1. Allah (c.c.) ile birlikteliğimiz
2. Hz. Peygamber (s.a.s.)’in gıyabında birlikteliğimiz
3. Kâmil mü’min olan Allah dostu velilerle ve âlimlerle birlikteliğimiz
4. Evde ev halkı ile birlikteliğimiz
5. Anne-baba ile birlikteliğimiz
6. Dostlarımızla ve diğer halktan olan kardeşlerimizle birlikteliğimiz
7. Komşularımızla ve gayrimüslimlerle birlikteliğimiz
8. Patronun işçisiyle, devlet başkanının halkıyla birlikteliği
9. Birlikte yaşamanın belli başlı kuralları
Dünyanın kurtuluş ve huzuru, müslüman olan bizlerin kurtuluş ve huzuruna bağlı; bizim kurtuluş ve huzurumuz da ancak biz müslümanların her konuda Hz. Peygamber (s.a.s.)’i örnek alarak, izleyerek, beraberce birbirimizin karşılıklı haklarına riayet ederek İslam'ı uygulamamıza bağlıdır.

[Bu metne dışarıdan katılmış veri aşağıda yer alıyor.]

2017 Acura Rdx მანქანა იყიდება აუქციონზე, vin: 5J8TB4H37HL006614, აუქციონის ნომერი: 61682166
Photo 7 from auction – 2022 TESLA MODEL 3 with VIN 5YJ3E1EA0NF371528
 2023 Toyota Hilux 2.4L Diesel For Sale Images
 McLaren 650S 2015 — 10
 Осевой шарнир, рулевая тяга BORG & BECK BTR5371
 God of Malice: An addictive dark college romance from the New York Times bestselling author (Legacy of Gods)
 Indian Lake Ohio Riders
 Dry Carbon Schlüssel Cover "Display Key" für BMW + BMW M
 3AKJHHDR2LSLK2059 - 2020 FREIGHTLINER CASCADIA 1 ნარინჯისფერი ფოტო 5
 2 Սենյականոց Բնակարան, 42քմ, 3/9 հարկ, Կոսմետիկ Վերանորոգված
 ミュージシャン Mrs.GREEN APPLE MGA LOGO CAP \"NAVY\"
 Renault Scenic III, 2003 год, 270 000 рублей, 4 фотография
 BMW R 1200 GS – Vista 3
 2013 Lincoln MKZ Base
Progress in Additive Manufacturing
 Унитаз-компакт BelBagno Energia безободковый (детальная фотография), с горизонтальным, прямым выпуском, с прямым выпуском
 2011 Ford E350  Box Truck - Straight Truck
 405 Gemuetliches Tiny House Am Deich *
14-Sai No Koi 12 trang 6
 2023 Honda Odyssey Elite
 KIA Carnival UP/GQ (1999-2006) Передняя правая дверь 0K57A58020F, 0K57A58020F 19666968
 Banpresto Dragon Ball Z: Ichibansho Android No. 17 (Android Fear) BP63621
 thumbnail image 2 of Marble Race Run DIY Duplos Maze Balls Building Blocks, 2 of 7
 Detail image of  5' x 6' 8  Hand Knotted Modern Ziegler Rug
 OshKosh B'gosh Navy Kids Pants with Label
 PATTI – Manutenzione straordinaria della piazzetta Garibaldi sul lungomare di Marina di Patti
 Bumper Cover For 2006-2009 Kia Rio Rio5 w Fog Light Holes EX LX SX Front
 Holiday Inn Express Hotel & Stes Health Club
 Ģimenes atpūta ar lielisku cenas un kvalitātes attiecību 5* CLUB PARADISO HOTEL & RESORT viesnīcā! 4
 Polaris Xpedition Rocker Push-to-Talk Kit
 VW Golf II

Biz İslam’ı böylece beraberce yaşadığımız zaman, maddeten ve manen çok güçlü olacağız. Maddeten ve manen güçlü olduğumuz zaman dünyanın dengesini biz sağlayacağız.
Müslümanlar eserleri, iyilikleri, başarıları ve ahlakları ile galip olunca mağluplara tesir edecektir. İşte o zaman güzelliklere devam, yanlışlıklara dur diyebileceğiz Allah’ın iradesi, izni ve hayra muvaffak kılmasıyla.
1. Allah (c.c.) ile birlikteliğimiz
Allah Teâlâ ile birlikteliğimiz, güzel edep, korku/haşyet ve murakabe halini devam ettirmekle, devamlı olarak denetlendiğimizi bilerek kendimizi denetlemekle gerçekleşir.
Allah’a karşı güzel edep, Allah tarafından edeplenmiş olan en büyük edepli olan zatın yani Hz. Peygamber (s.a.s.)’in edebiyle edeplenmekledir. Bu edep, farzı, vacibi, sünneti ve müstehabı da içine alır.
Allah korkusu, Allah’ın sevgisini kaybetmekten ve azabına düşmekten korkmak, yasaklarından, mekruhlardan, şüphelilerden bile sakınmakladır.
Allah’ın bizi daimî olarak denetlediği gerçeğini bilerek, inanarak kendimizi denetlemek, hem doğru olanı terkten hem yasak olanı işlemekten sakınmakla olur.
Bu konuda Allah (c.c.) şöyle buyurmuştur:
“Nerede olsanız, O (Allah) sizinle beraberdir. Allah yaptıklarınızı daimî görücüdür.”
(Hadîd sûresi 57/4.)
Biz, Allah’a karşı iman, takva, sabır ve ihsânın gereğini daimî olarak yerine getirerek beraber olursak; Allah da bizimle ikramıyla, ilhamıyla ve yardımıyla beraber olur.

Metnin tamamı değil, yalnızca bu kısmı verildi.